In 2023, astronomers witnessed a dramatic event: two extraordinarily massive black holes collided roughly 7 billion light-years away. Their immense size and rapid spin defied explanation. According to existing theories, black holes like these simply shouldn't exist.
Researchers from the Flatiron Institute's Center for Computational Astrophysics (CCA) and partner institutions have now uncovered how such cosmic giants might form and eventually collide.
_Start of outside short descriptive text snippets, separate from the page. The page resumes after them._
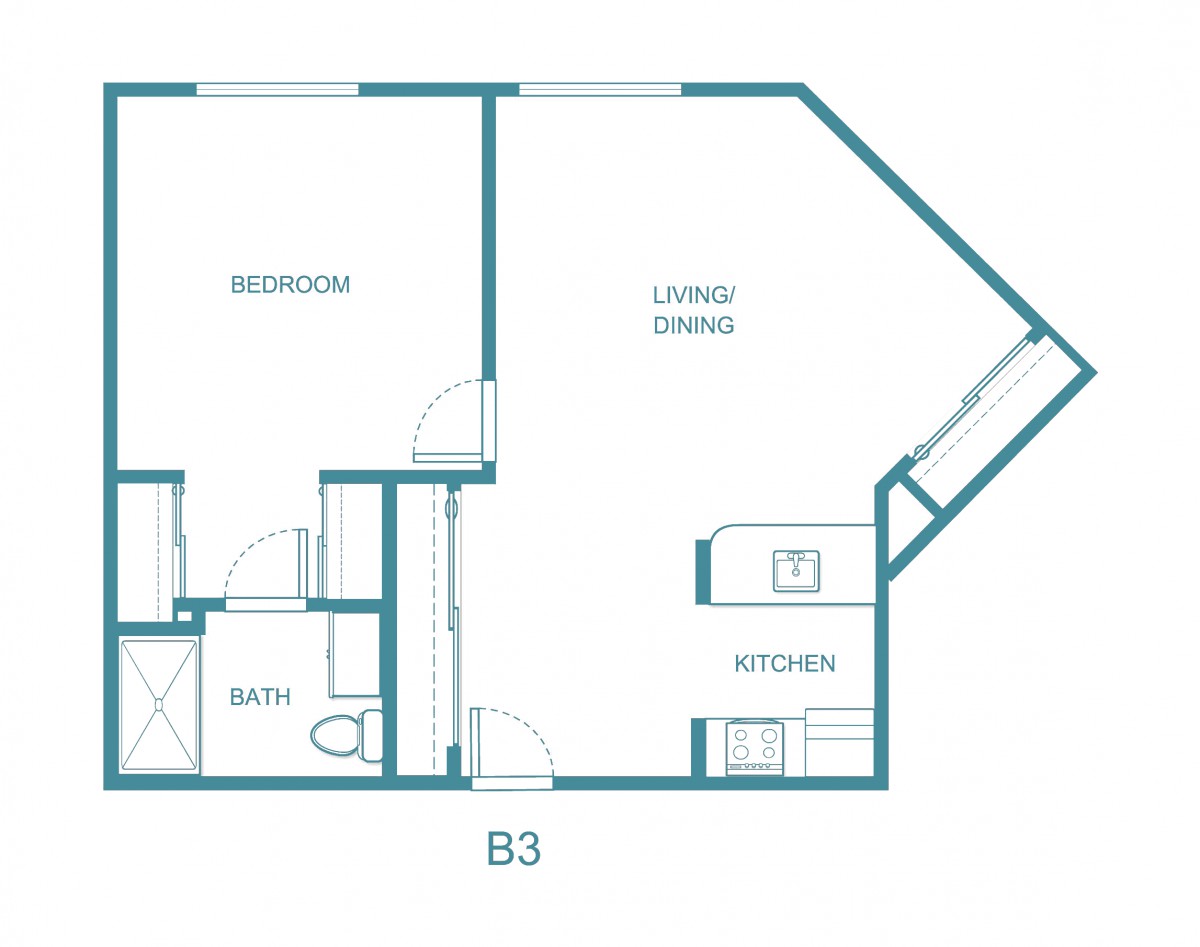 One-bedroom apartment floor plan with living area and kitchen.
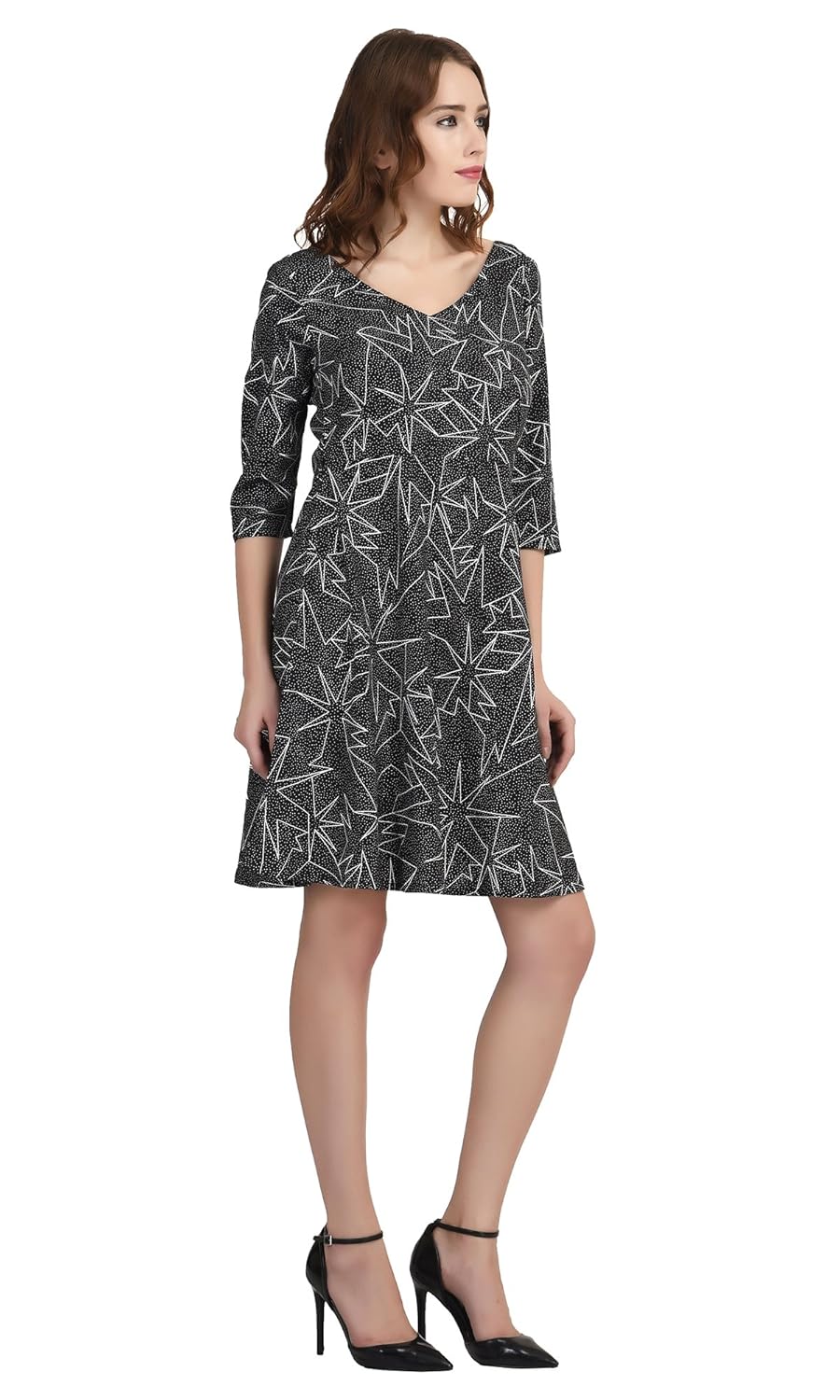 the gud look crepe black star print dress
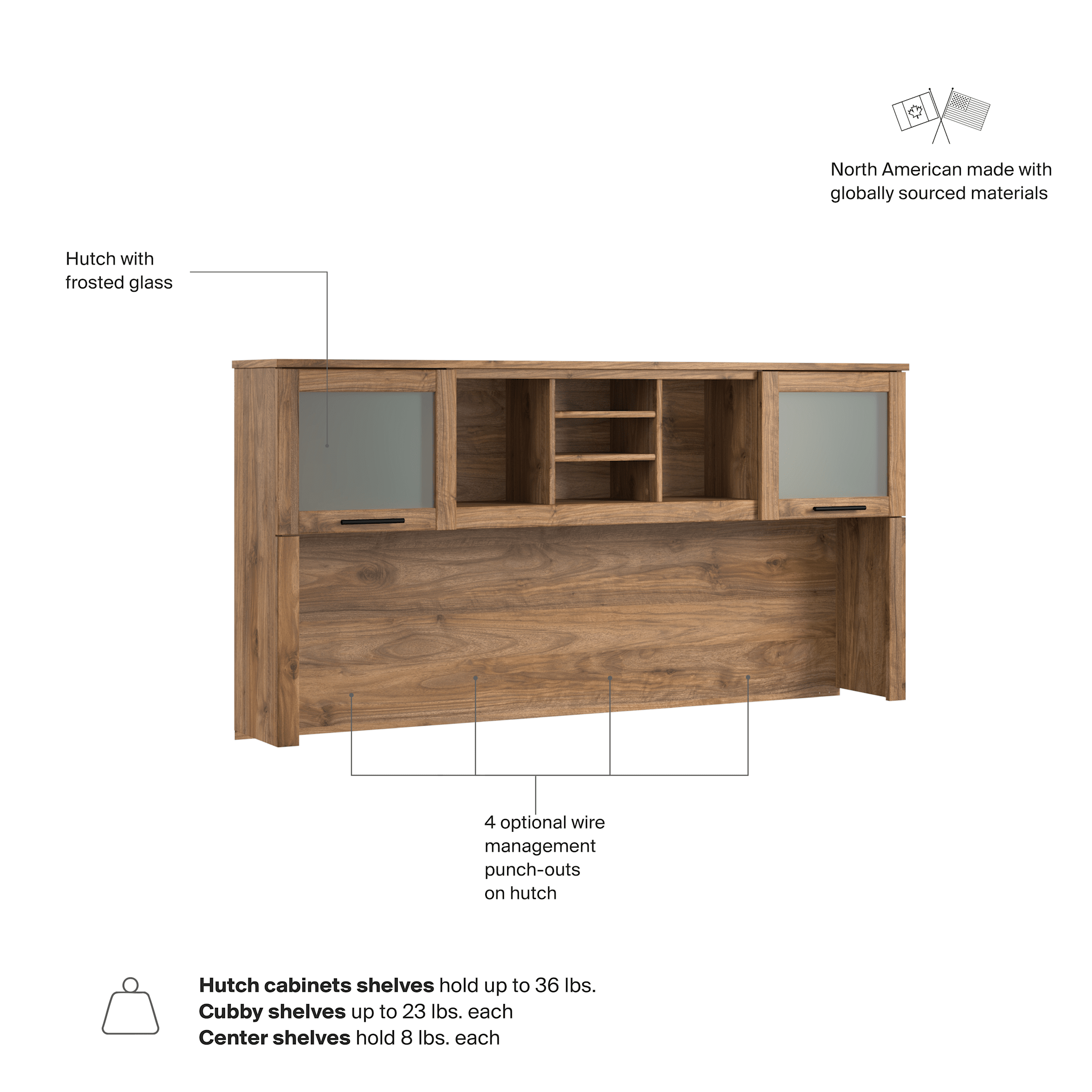 Bush Home Somerset 72W Desk Hutch — panel 10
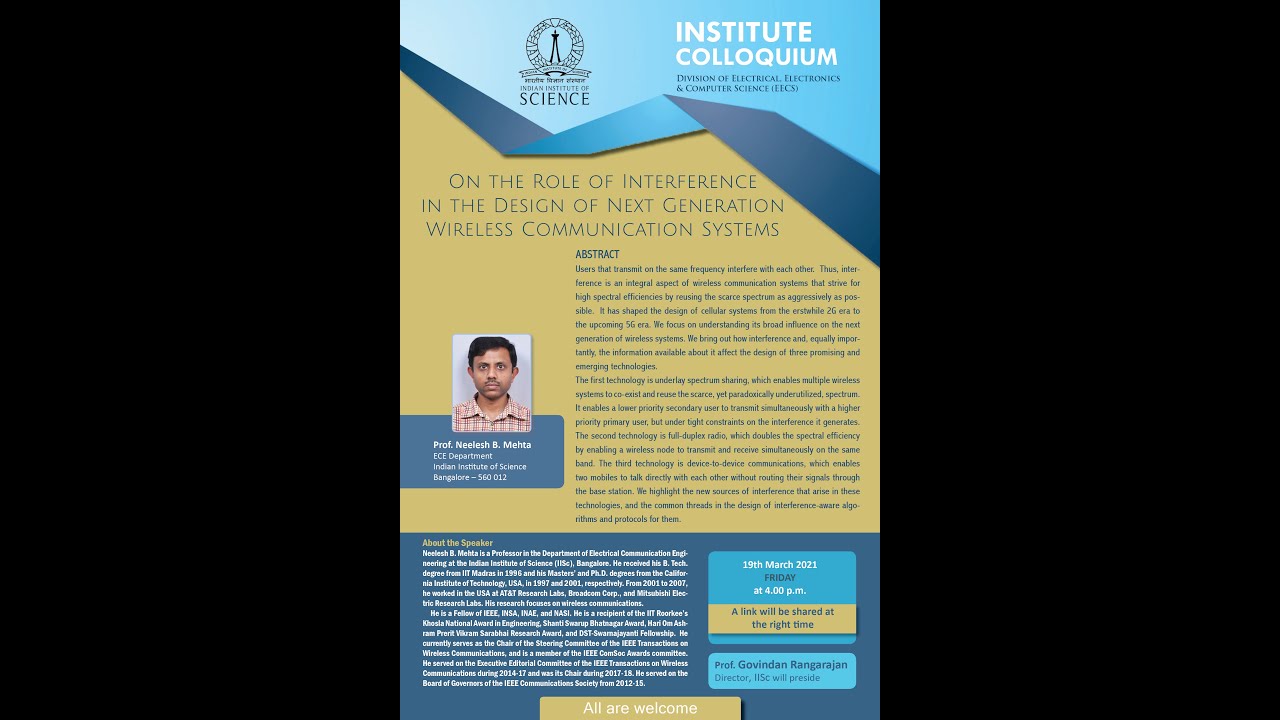 [Institute colloquium] On the Role of Interference in Next Generation Wireless Communication Systems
By tracing the life cycles of the stars that gave rise to these black holes, the team discovered that magnetic fields -- long overlooked in earlier models -- play a crucial role.
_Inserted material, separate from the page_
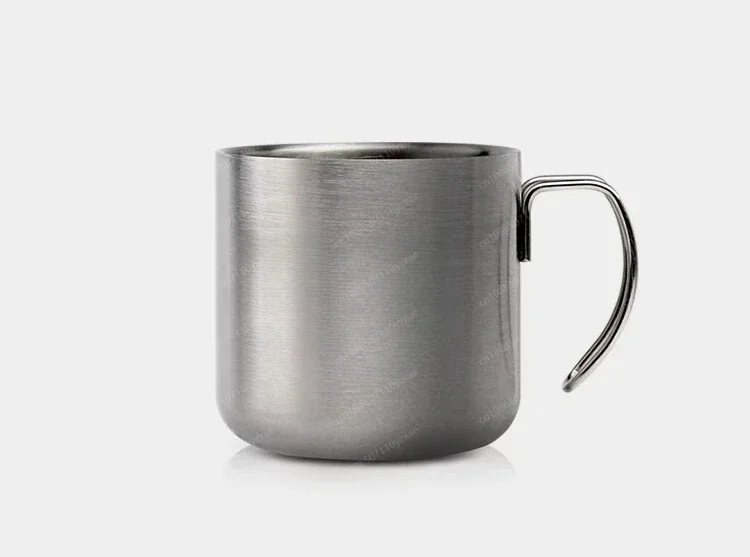 Stainless Steel Double Layer Coffee Cup, European Retro Coffee Cup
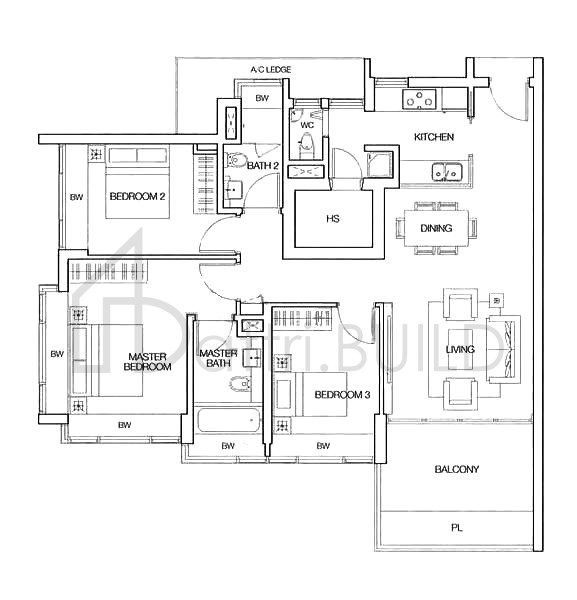 DAKOTA RESIDENCES B3 floorplan (watermarked)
"No one has considered these systems the way we did; previously, astronomers just took a shortcut and neglected the magnetic fields," explains Ore Gottlieb, an astrophysicist at the CCA and lead author of the study, which appears in The Astrophysical Journal Letters. "But once you consider magnetic fields, you can actually explain the origins of this unique event."
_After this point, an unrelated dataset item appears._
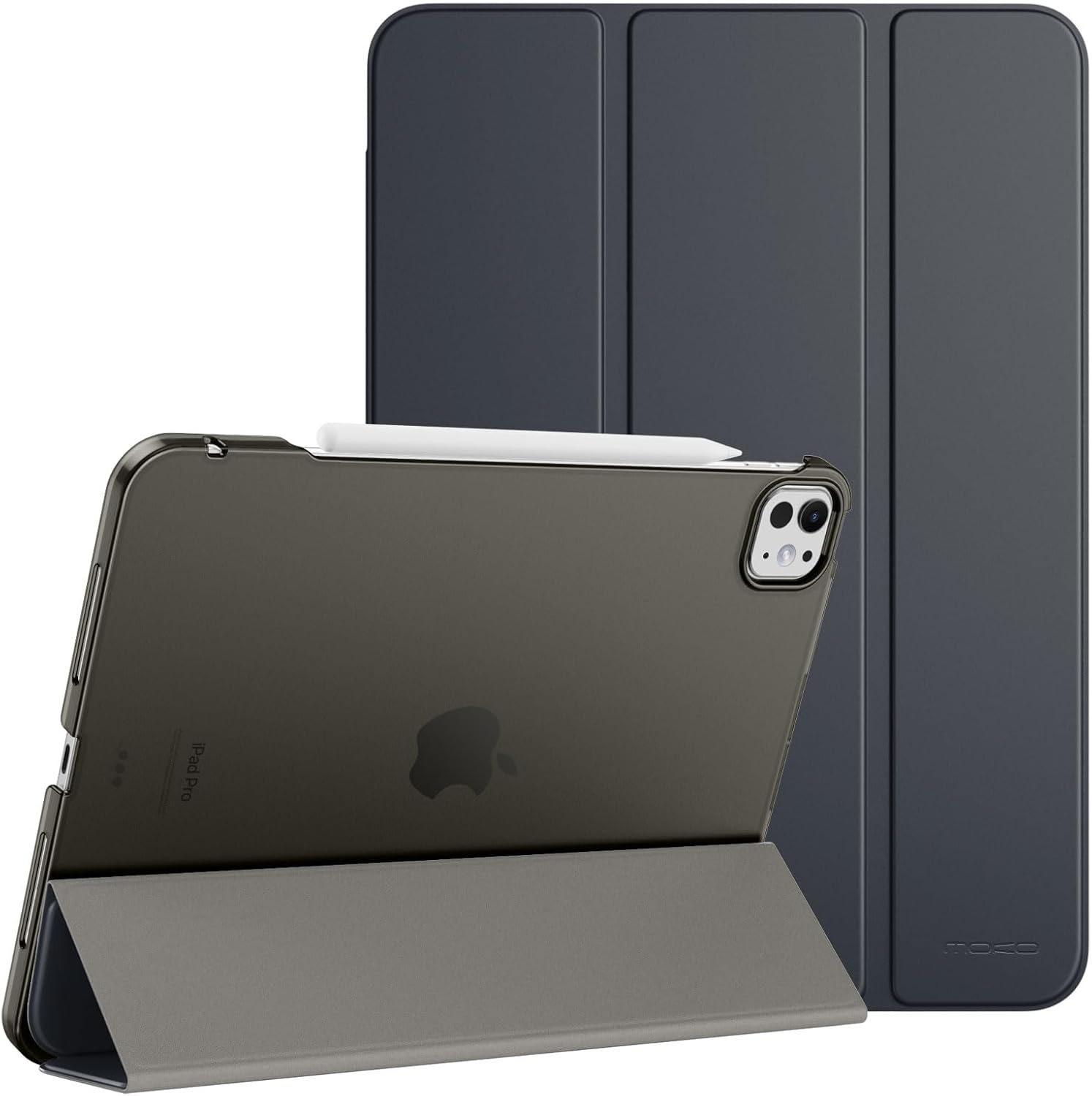 MoKo for iPad Pro 13 Inch Case M4 2024 (7th Gen), Ultra Slim Stand Case with Hard PC Translucent Back Shell Cover for iPad Pro 2024 Model (A2925/ A2926/A3007), Support Apple Pencil Pro, Space Gray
The 2023 Collision That Challenged Black Hole Theory
The cosmic crash, now known as GW231123, was detected by the LIGO-Virgo-KAGRA observatories, which measure gravitational waves -- the ripples in space-time produced by massive celestial motions.
At the time of detection, astronomers could not understand how such enormous and fast-spinning black holes had formed. When a massive star exhausts its fuel, it typically collapses and explodes in a supernova, leaving behind a smaller black hole. However, stars within a specific mass range experience an especially violent type of explosion called a pair-instability supernova, which destroys the star completely.
"As a result of these supernovae, we don't expect black holes to form between roughly 70 to 140 times the mass of the sun," Gottlieb says. "So it was puzzling to see black holes with masses inside this gap."
Simulations Reveal a Hidden Force at Work
One possible explanation is that black holes within this "mass gap" form indirectly, through the merger of smaller black holes. But in the case of GW231123, this seemed unlikely. Mergers are typically chaotic, disrupting the spin of the resulting black hole. Yet the two black holes involved in GW231123 were spinning near the speed of light -- the fastest ever observed -- making such a scenario improbable.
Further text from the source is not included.